● EXERCISE DIRECTIONS
Word for word, copy the listing below and leave out its images.

● DATASET EXCERPT
--- START ---
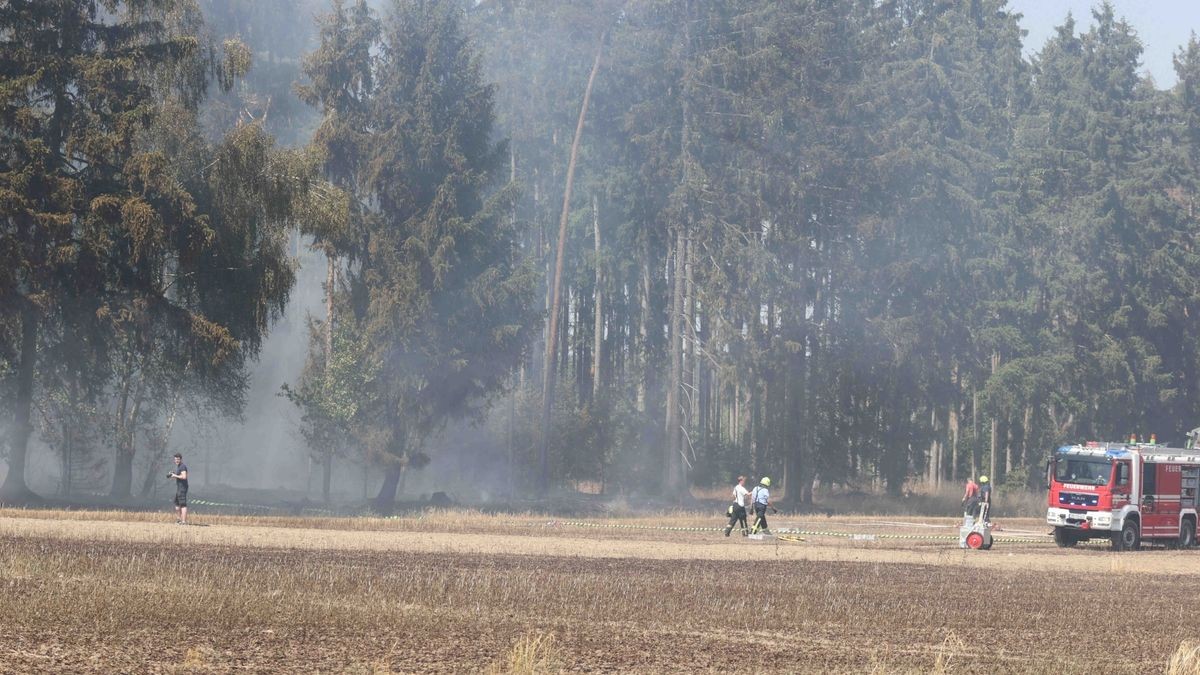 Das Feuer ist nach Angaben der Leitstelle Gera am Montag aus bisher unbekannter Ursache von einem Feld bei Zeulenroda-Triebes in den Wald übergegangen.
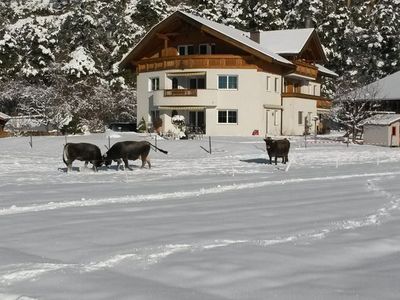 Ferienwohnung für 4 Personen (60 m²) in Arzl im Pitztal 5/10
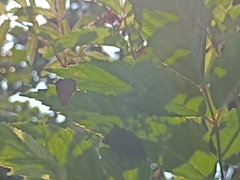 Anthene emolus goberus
--- END ---
● RESULT
 Das Feuer ist nach Angaben der Leitstelle Gera am Montag aus bisher unbekannter Ursache von einem Feld bei Zeulenroda-Triebes in den Wald übergegangen.
 Ferienwohnung für 4 Personen (60 m²) in Arzl im Pitztal 5/10
 Anthene emolus goberus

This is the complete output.